The approach followed included four preprocessing steps. First outliers were removed using a method developed from the main ideas of the k‑Nearest Neighbours CP. This method evaluates how well each example fits in with all the other examples in the dataset and removes the ones that do not seem to belong to the dataset as well as the rest. The second preprocessing step aimed at reducing the class imbalance of the dataset. This was done by removing the examples of the majority class that were very different from those of the minority class. The third step again addressed the class imbalance problem by using the Synthetic Minority Over-sampling Technique (SMOTE) to generate more examples of the minority class. Finally, feature selection was performed by applying the ReliefF technique. The first two steps were implemented in Matlab, while for the last two the WEKA data mining toolkit was used.

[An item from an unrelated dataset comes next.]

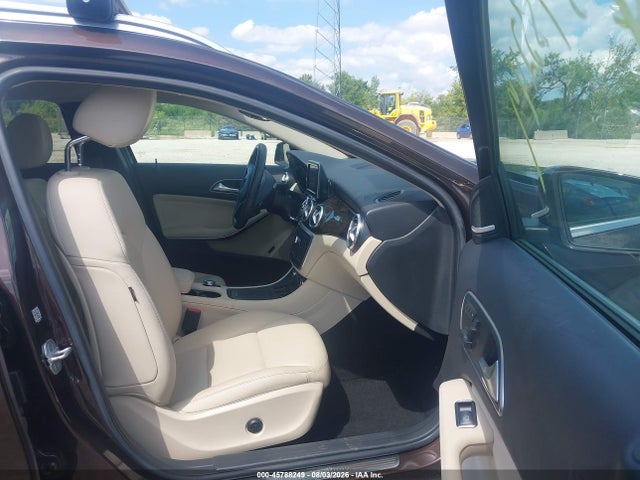 Продаж на аукціоні авто 2015 Mercedes-benz Gla 250 4matic, vin: WDCTG4GB2FJ116255, номер лоту: 45788249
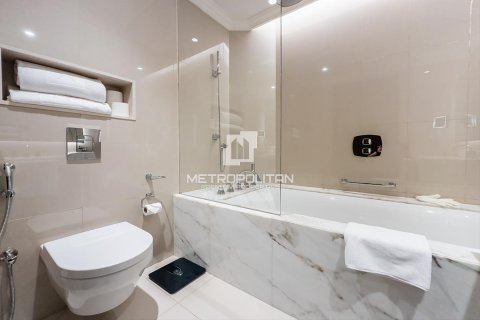 Купить квартиру в The Address Residence Fountain Views, Даунтаун Дубай (Даунтаун Бурдж Дубай), Дубай: 3 спальни, 203м², № 15068 - фото 12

Twelve different combinations of outlier elimination thresholds and number of top features selected were used in the preprocessing steps, thus generating twelve different datasets. These were then used to train various Mondrian CPs, based on k‑Nearest Neighbours, Naïve Bayes and Neural Networks; two of the Mondrian CPs were ensembles based on the aforementioned algorithms. The final classifications were then generated based on the p-values produced by all dataset-CP combinations for each class, following a voting scheme. All Mondrian CPs and the scheme for combining their outputs to produce the final classifications were implemented in Matlab.
– Harris Papadopoulos